## WHAT THE TASK ASKS
Exactly the lines from the one containing "Stunning Studio With" through the end of the records must be reproduced; leave out all pictures.

Short text fragments from websites:
▼

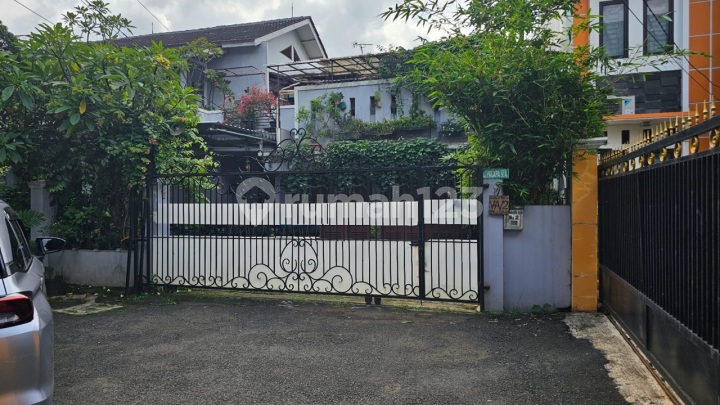 Rumah bagus, SHM, Jalan Palapa Va Pasar Minggu, Jakarta Selatan (harga murah < harga pasar)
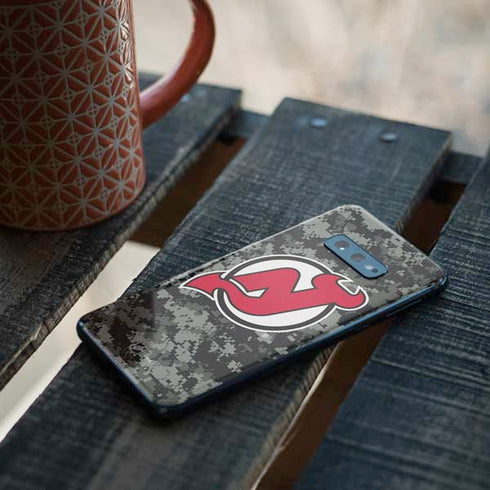 NHL New Jersey Devils Camo Galaxy S10e Skin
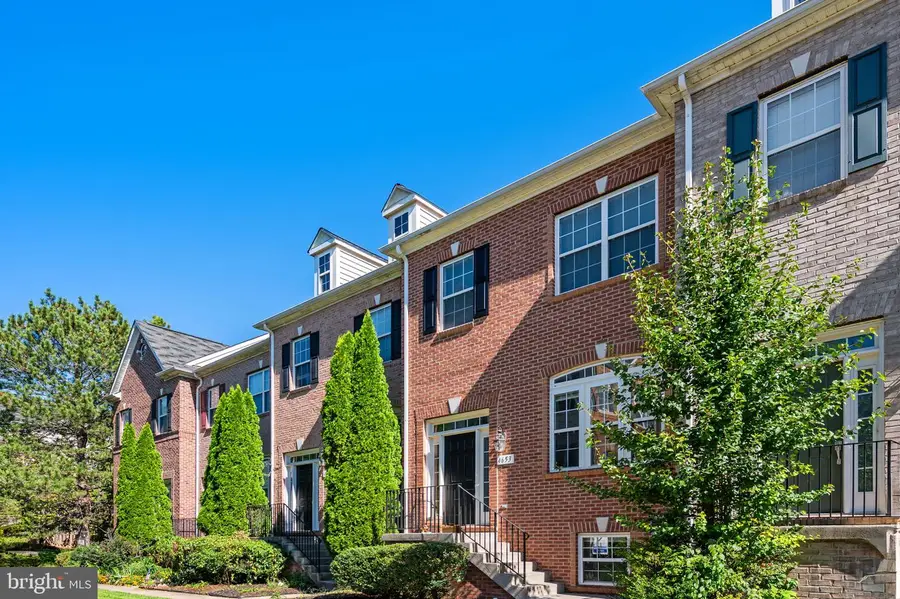 4653 Carisbrooke Ln, Fairfax, VA 22030 - #3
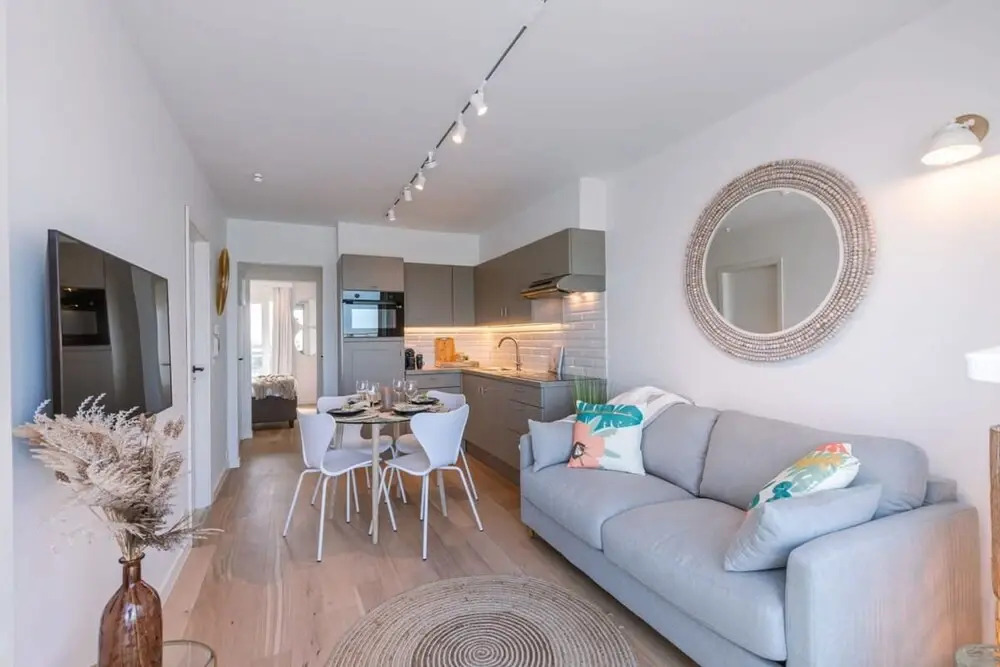 Stunning Studio With Sea-view on top Location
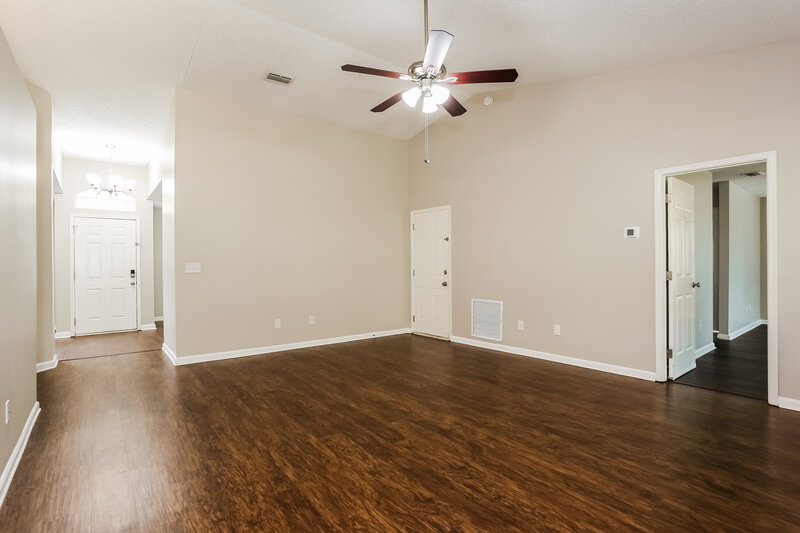 2,140/Mo, 9260 Topohill Ct Jacksonville, FL 32225 Living Room View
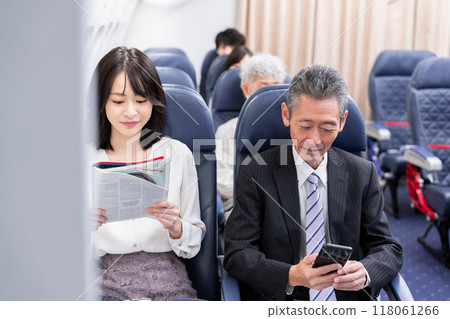 在飛機的飛機裡面 118061266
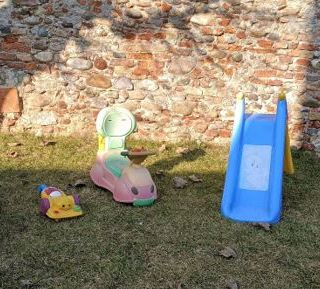 A Piozzo un donatore anonimo regala nuovi giochi alla scuola materna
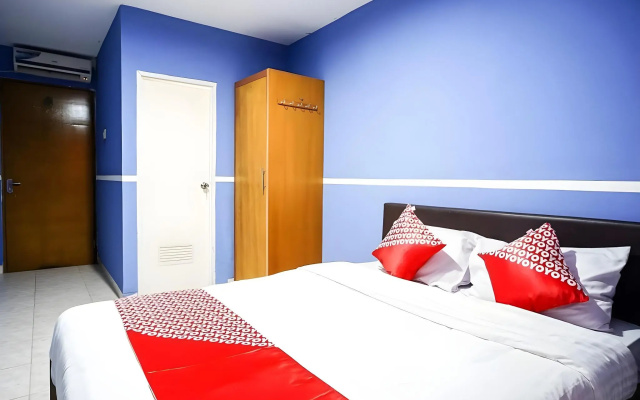 OYO 1272 Grand Garuda Guest House – Guest Rooms – Balikpapan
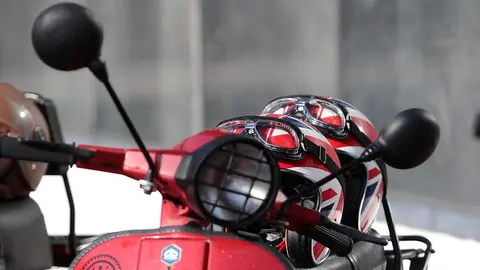 León acogió este sábado la clásica Scooter Run dentro del programa de actividades complementarias del festival Purple Weekeend. Foto: Peio García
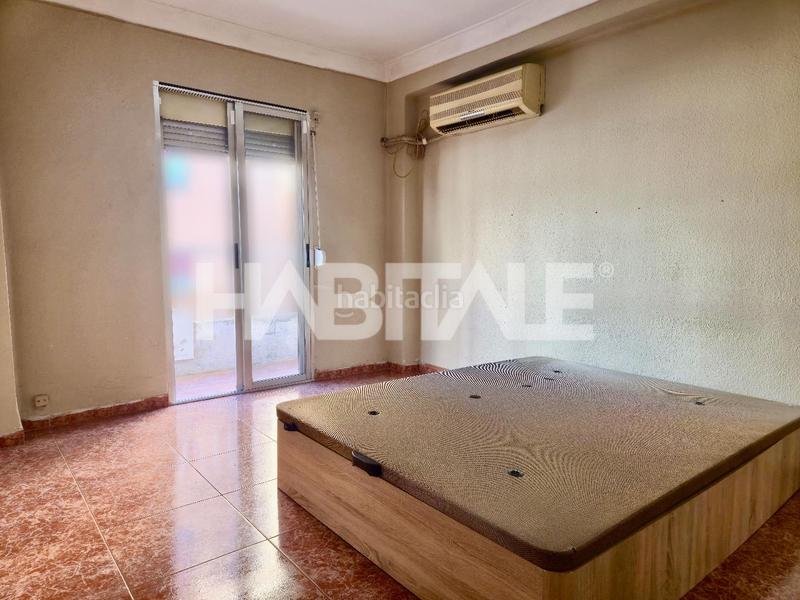 Foto e5bddd16-c6b3-40b1-8064-c27bbb648558. Flat in Aiora Valencia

▲

## EXERCISE OUTPUT
 Stunning Studio With Sea-view on top Location
 2,140/Mo, 9260 Topohill Ct Jacksonville, FL 32225 Living Room View
 在飛機的飛機裡面 118061266
 A Piozzo un donatore anonimo regala nuovi giochi alla scuola materna
 OYO 1272 Grand Garuda Guest House – Guest Rooms – Balikpapan
 León acogió este sábado la clásica Scooter Run dentro del programa de actividades complementarias del festival Purple Weekeend. Foto: Peio García
 Foto e5bddd16-c6b3-40b1-8064-c27bbb648558. Flat in Aiora Valencia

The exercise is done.